Friday Thought: Time out of mind

 

It is a hard life being a politician. Failures, scandals and duck houses notwithstanding, they are under inhuman levels of scrutiny and not just to keep the next Profumo affair at bay. If we are honest, part of our desire to watch their every move has nothing to do with good governance. It is just so much funnier when they mess up than when Joe Public does. After all, it is a stable of British satire that it must only mock the powerful.

However an interesting corollary to this is a politician that makes the occasional gaffe can actually endear themselves to the public – Boris Johnson being the obvious example. Who would have thought that getting stuck on a zipline would actually help your political standing?

Another perfect example of this phenomenon came this week when transport minister Baroness Kramer attempted to honour a civic chief from Taiwan. Her attempt to give a present to Ko Wen-je, the mayor of Taipei, went so spectacularly, harmlessly, ridiculously wrong, one can't help but warm to her more.

The Baroness gave Mr Ko a watch – by most standards a perfectly harmless gift probably chosen for its ubiquitous and inoffensive usefulness... and for the fact they sell them in the House of Lords.

However apparently in Chinese culture the gift is taboo because it is in fact a portent of death. Clocks symbolise time is running out – the equivalent of getting someone a scythe for their birthday.

But just when you might have been forgiven for snickering at her expense, Mr Ko added to the comedy factor by reportedly saying: ‘I can just regift it to someone or take it to a scrap metal dealer and sell it for cash.’

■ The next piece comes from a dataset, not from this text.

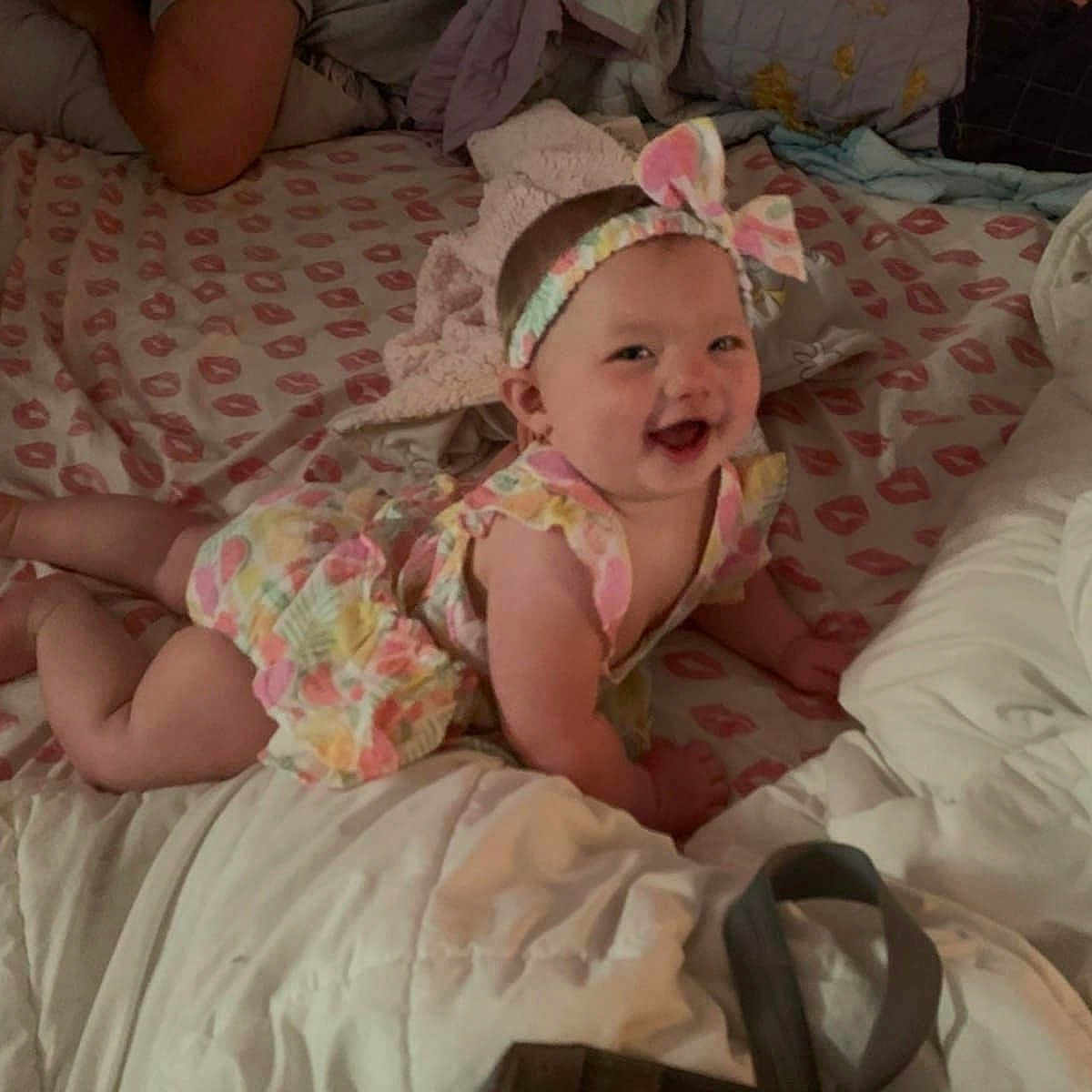 Legendary joined the competition — help win amazing prizes! baby, babylaughing, bed, bedroom, clothing, cushion, dress, face, furniture, happy, hat, head, homedecor, indoors, newborn, person, photography, portrait, quilt, room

By any standards this is one of the most hilarious responses to such a situation anyone could have mustered. Making one wonder if Mr Ko was either a) not being entirely serious b) so genuinely offended the mask of civility did not slip but was hurled from his face or c) had simply been trying a failed cultural translation of his own. As they say when in Rome, so perhaps when in Boris Johnson’s London a gaffe from a visiting civic leader is seen as only good form.

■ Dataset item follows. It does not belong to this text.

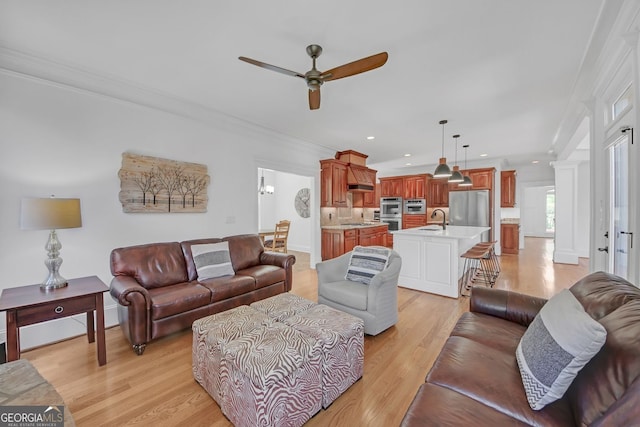 866 Coopers Ridge Path SW, Grayson, GA 30017 - living area with ceiling fan, light wood-style flooring, crown molding, and recessed lighting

Either way the image of Taiwan’s municipal chief taking a watch that was bought for him by a peer of the realm down to the local scrap metal dealer so he could haggle over the price of copper is one that made me laugh.

‘No mate, I can’t give you more than a fiver for it.’

‘What? That’s finest House of Lords copper that is. Not your rail cable stuff.’

‘Sorry mate got anything else?’

‘Well... only this key to the city. How much is that worth?'

As the poet said when it came to giving watches: 'I give it to you not that you may remember time, but that you might forget it now and then for a moment and not spend all of your breath trying to conquer it. Because no battle is ever won he said. They are not even fought. The field only reveals to man his own folly and despair, and victory is an illusion of philosophers and fools.’